Records for the exercise START

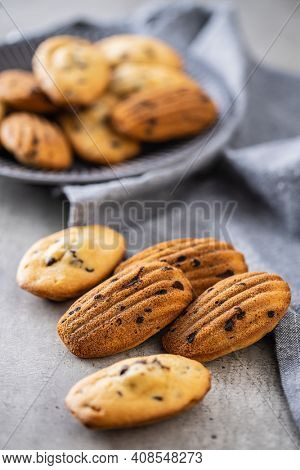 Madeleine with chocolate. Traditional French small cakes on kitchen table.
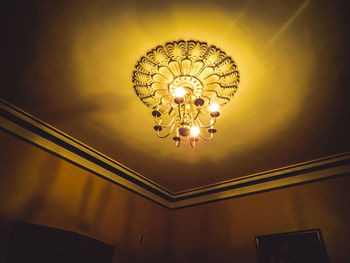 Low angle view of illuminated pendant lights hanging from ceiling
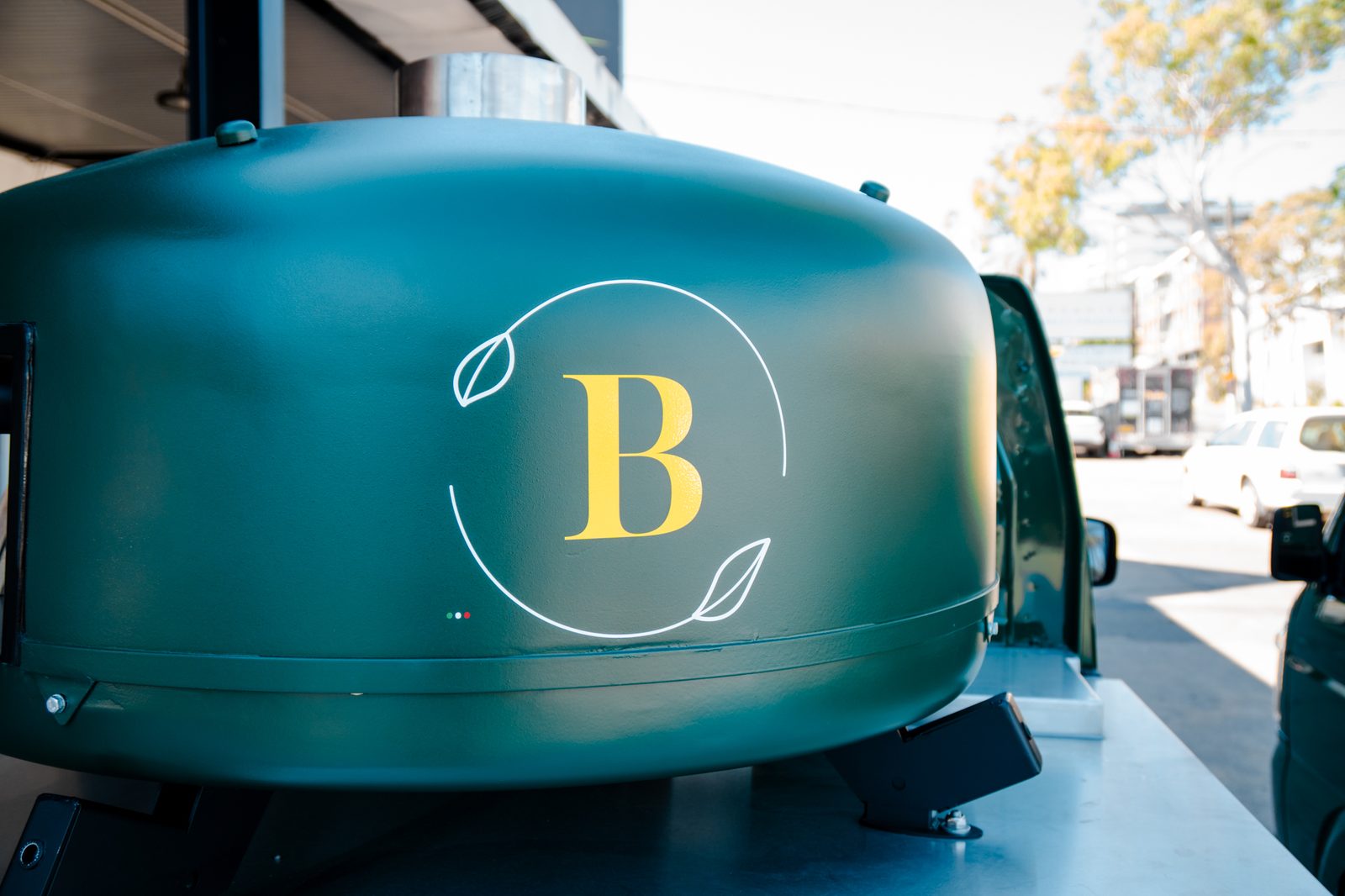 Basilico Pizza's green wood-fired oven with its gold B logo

Records for the exercise END
Records for the exercise START

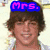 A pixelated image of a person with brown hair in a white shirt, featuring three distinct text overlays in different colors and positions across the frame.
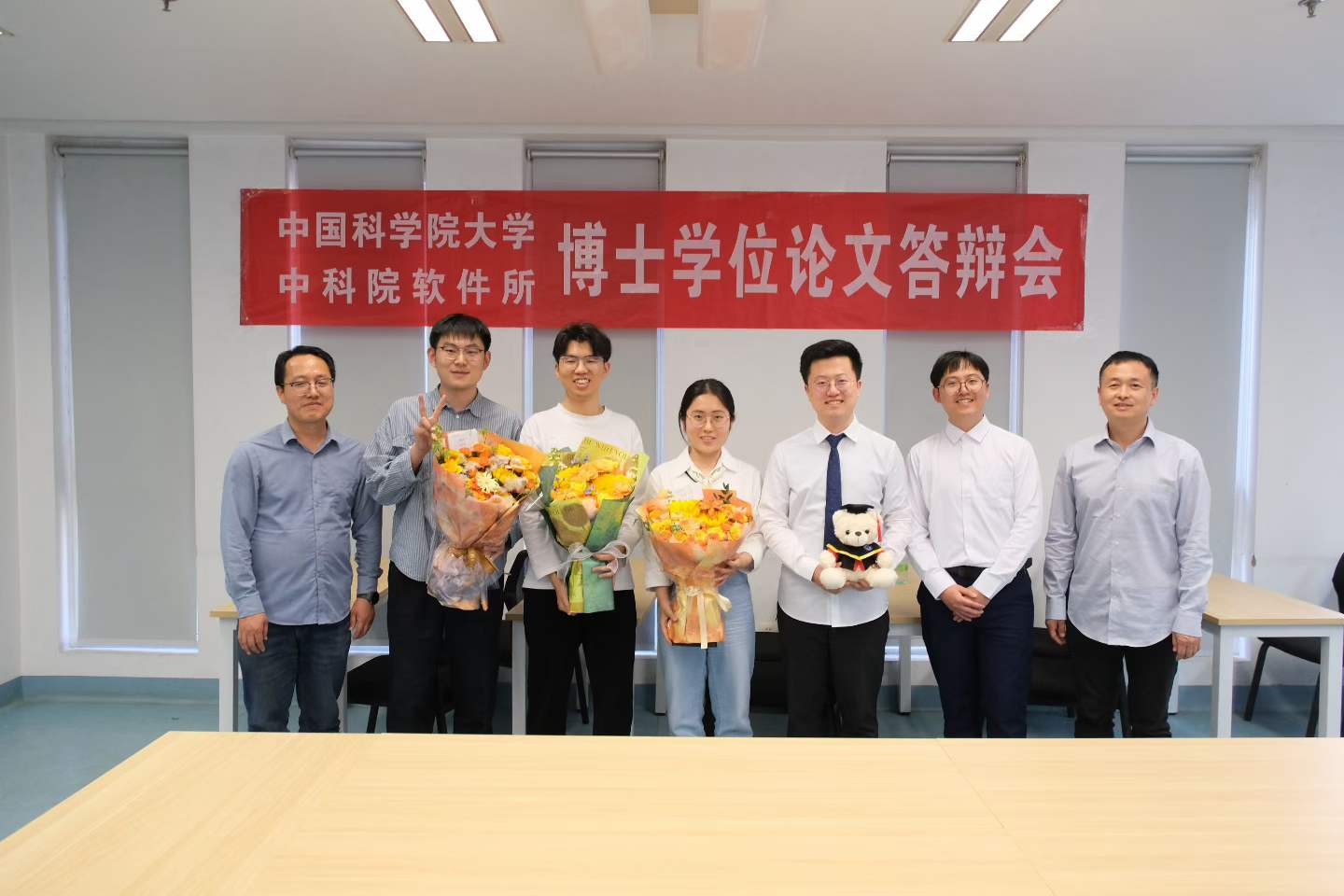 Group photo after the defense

Records for the exercise END
Records for the exercise START

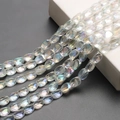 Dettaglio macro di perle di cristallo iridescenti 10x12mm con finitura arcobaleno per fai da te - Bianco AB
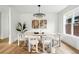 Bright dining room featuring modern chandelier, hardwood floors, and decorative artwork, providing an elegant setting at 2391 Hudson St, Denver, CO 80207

Records for the exercise END

__Assigned task__:
In the listing above, find the line containing "Dettaglio macro di" and the line containing "Bright dining room", then print exactly those two lines and every line between them, minus the pictures.

__Exercise answer__:
 Dettaglio macro di perle di cristallo iridescenti 10x12mm con finitura arcobaleno per fai da te - Bianco AB
 Bright dining room featuring modern chandelier, hardwood floors, and decorative artwork, providing an elegant setting at 2391 Hudson St, Denver, CO 80207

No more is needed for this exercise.